# Fronts



## FlyingQuizini (Oct 24, 2006)

Yes, there's a rule about it... but I think you should look it up! Not trying to be a pain, but honestly, if you're as intersted in competing as you say you are, you should have your own copy of the rules and you should read the rules for novice many times until you know these answers! *wink*

As for how to teach it... Food-based training should never be about cookies, cookies, cookies and then no cookies. Using food intermittently is how you wean them off the *need* for the food in order for correct performcnce. There are lots of great ways to get close fronts. Do you spit food?


----------



## MaddieMagoo (Aug 14, 2007)

Thanks Steph! I do have a rule book...somewhere around here...wish it would just POP out!!

How do you spit food correctly? Is there a certain way to do that? Yes, I do, do that, but I don't think I'm doing it right!!!


----------



## FlyingQuizini (Oct 24, 2006)

Ok - think of it this way as for spitting food on fronts: Look at Quiz's front after the recall... picture me spitting a piece of food to him in such a way that he remains in position while catchng the food. Make sense?


----------



## FlyingQuizini (Oct 24, 2006)

I don't think there's a "Right" way to spit food, other than to say I use it as a hands-free way to reward attention while Quiz is in front of me. It's also how I transitioned out of having food in my hands and having to lure into position for close fronts.


----------



## MaddieMagoo (Aug 14, 2007)

Ok, I sort of understand it. So INSTEAD of using hands you spit the food? And the dog is supposed to be targeted by the mouth type of thing? If that's the message your sending me...then I got it! I'll have to practice it today! (After I get homework done, help the house cleaned...YIKES.. too much to do!


----------



## FlyingQuizini (Oct 24, 2006)

Yes, sounds like you've got it. Catching food spat by the handler is a huge piece of foundation attention training... yes, it teaches the dog to target visually to your mouth, but that's also where your FACE happens to be!  Part of why Quiz likes to stare at me so much is b/c he's grown up thinking I'm a hamster who may, at any moment, spit a nugget his direction!


----------



## MaddieMagoo (Aug 14, 2007)

FlyingQuizini said:


> Yes, sounds like you've got it. Catching food spat by the handler is a huge piece of foundation attention training... yes, it teaches the dog to target visually to your mouth, but that's also where your FACE happens to be!  Part of why Quiz likes to stare at me so much is b/c he's grown up thinking I'm a hamster who may, at any moment, spit a nugget his direction!

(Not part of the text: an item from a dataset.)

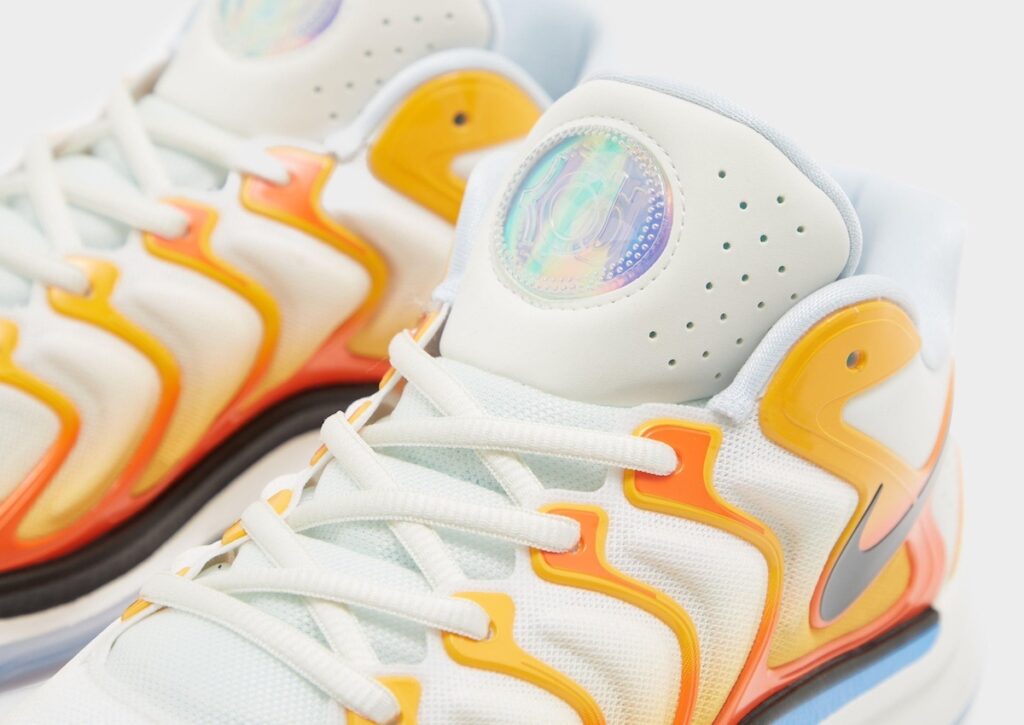 KD 17 Sunrise Release Date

OH my gosh, I think I have it down Steph! Thanks for ALL your help. Would you mind hearing the Hamster song? LOL:bowl:Like I said, I'll have to try this out today! 

thanks again!

Caryn and Maddie


----------



## gabbys mom (Apr 23, 2008)

One of the big things is that the dog must be able to be reached by the handler. So if she comes in and sits out of reach, that's an NQ. This develops out of the safety aspect of the recall-you are supposed to be able to call your dog *anywhere* and have them come and sit front and be able to clip a leash on.

I saw a nice run blown last weekend by a dog that sat *just* out of reach. NQ.


----------



## bizzy (Mar 30, 2007)

also make sure you aren't correcting her in the front postion. She may be sitting out of reach to avoid a correction. I have this problem too. One way for me to visualize would you be able to take a DB without having to reach for it.


----------